Input data:

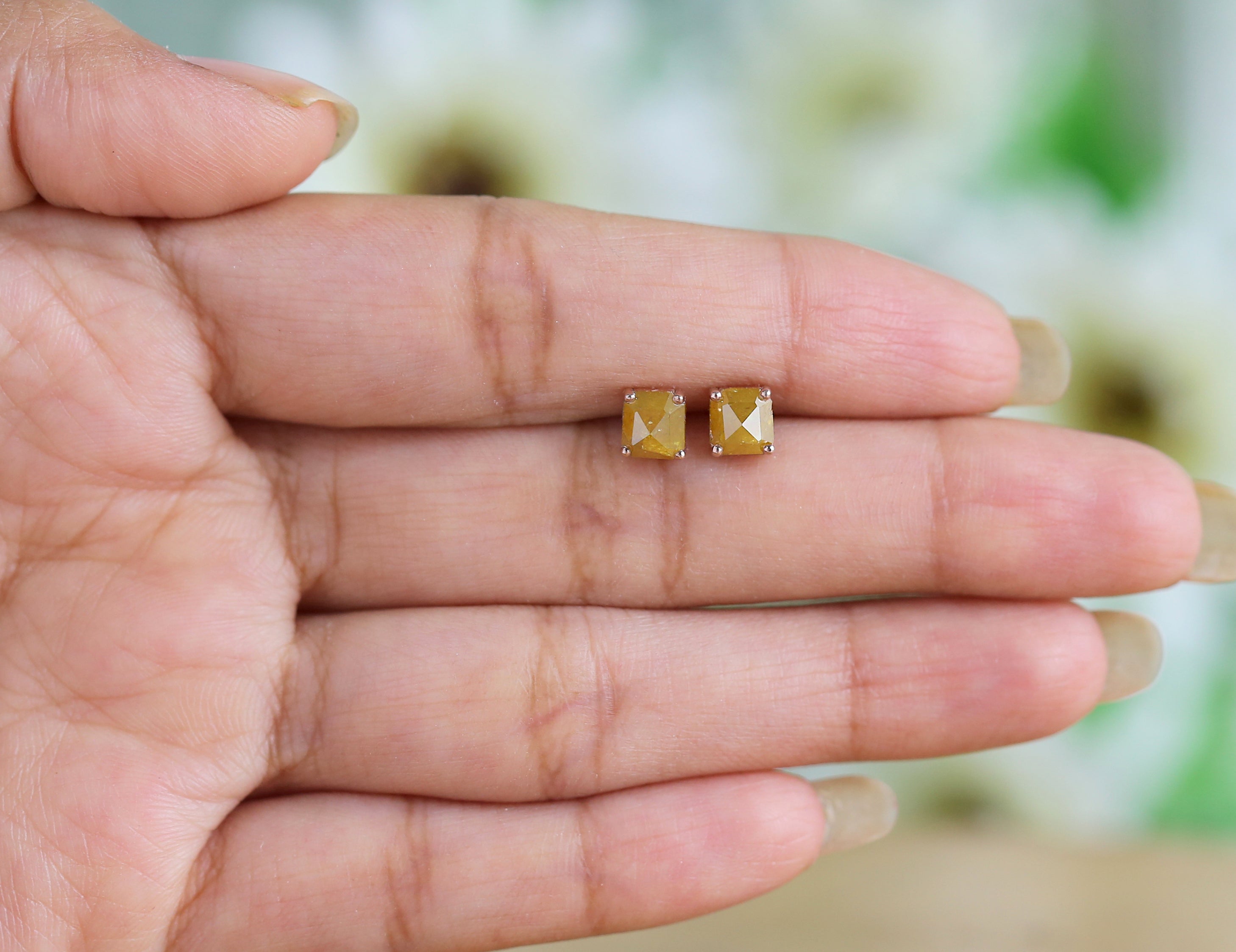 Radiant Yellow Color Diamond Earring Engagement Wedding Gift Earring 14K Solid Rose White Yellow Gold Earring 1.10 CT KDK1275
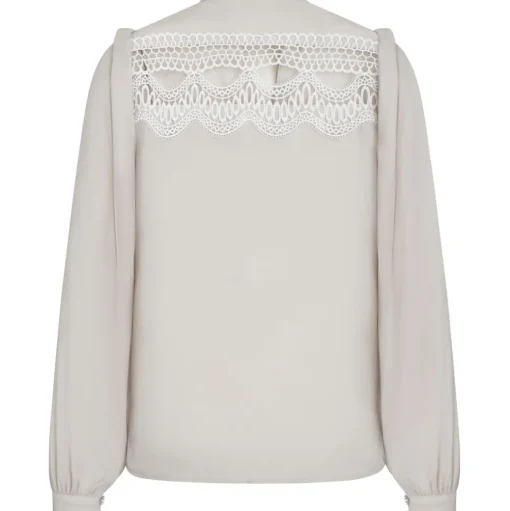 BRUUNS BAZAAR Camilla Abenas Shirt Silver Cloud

---

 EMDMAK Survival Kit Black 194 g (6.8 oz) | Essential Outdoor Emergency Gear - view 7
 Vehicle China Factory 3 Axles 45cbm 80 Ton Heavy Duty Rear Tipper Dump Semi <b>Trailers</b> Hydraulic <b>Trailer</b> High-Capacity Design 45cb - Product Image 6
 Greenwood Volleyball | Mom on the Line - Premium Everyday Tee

Required work: Would you print exactly the lines in the listing above, from the line bearing "Radiant Yellow Color" through the line bearing "BRUUNS BAZAAR Camilla", leaving out all pictures?

Completed exercise:
 Radiant Yellow Color Diamond Earring Engagement Wedding Gift Earring 14K Solid Rose White Yellow Gold Earring 1.10 CT KDK1275
 BRUUNS BAZAAR Camilla Abenas Shirt Silver Cloud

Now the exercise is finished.